WORK ITEM -> Your copy should match the listing below exactly, except that it holds no images.

GIVEN DATA ->
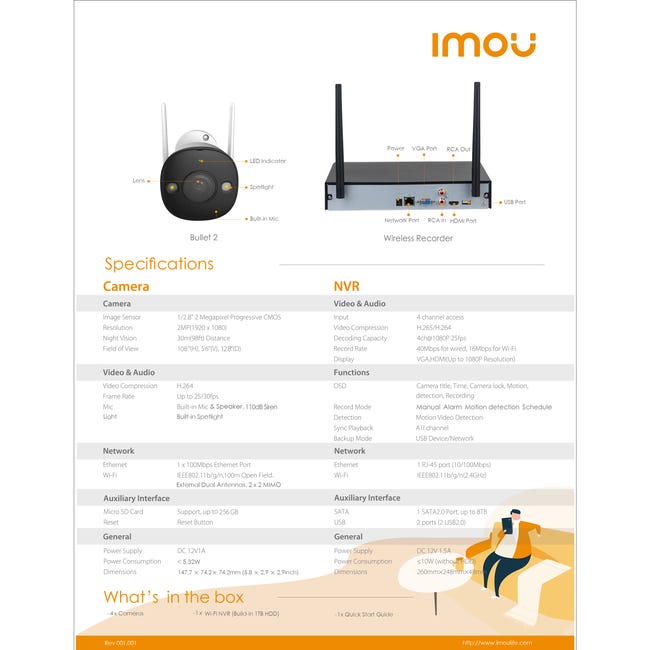 Zestaw do wideomonitoringu WiFi KIT/NVR1104HS-W-S2/4-F22E IMOU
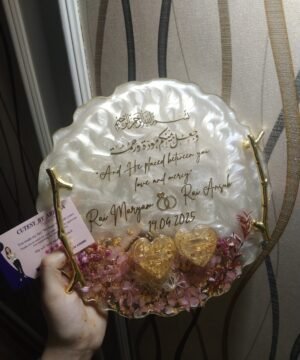 Customized Resin Engagement Platter with Heart Ring Holders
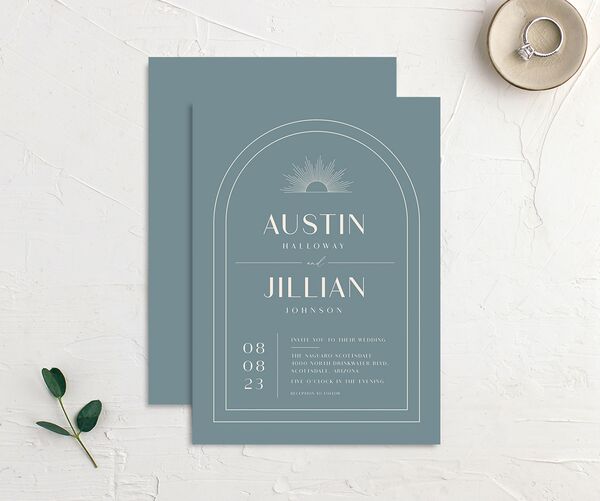 Art Deco Accents Wedding Invitations front-and-back in French Blue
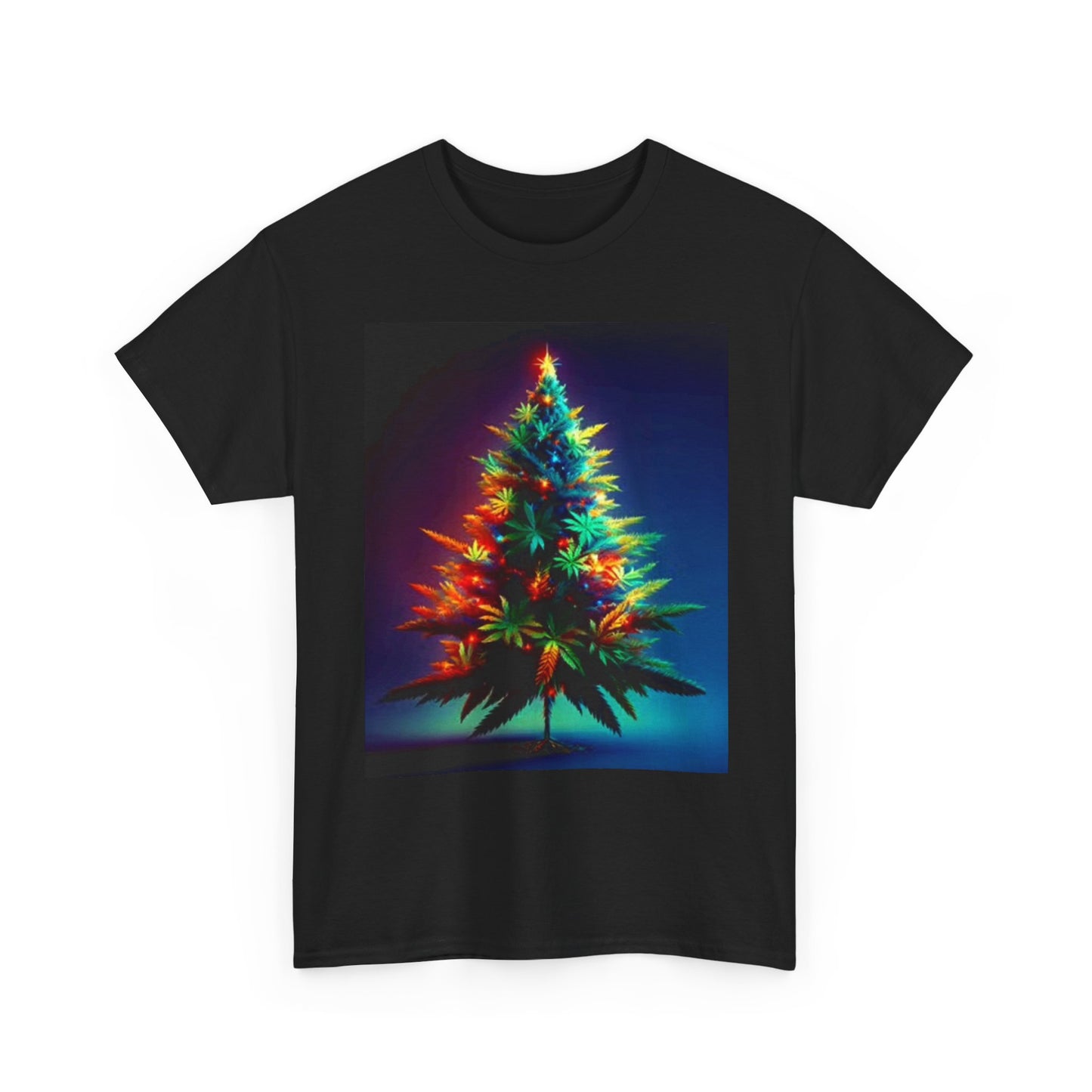 Weed Christmas Tree Graphic T Shirt Funny Holidays Unisex Heavy Cotton Tee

OUTPUT OF THE EXERCISE ->
 Zestaw do wideomonitoringu WiFi KIT/NVR1104HS-W-S2/4-F22E IMOU
 Customized Resin Engagement Platter with Heart Ring Holders
 Art Deco Accents Wedding Invitations front-and-back in French Blue
 Weed Christmas Tree Graphic T Shirt Funny Holidays Unisex Heavy Cotton Tee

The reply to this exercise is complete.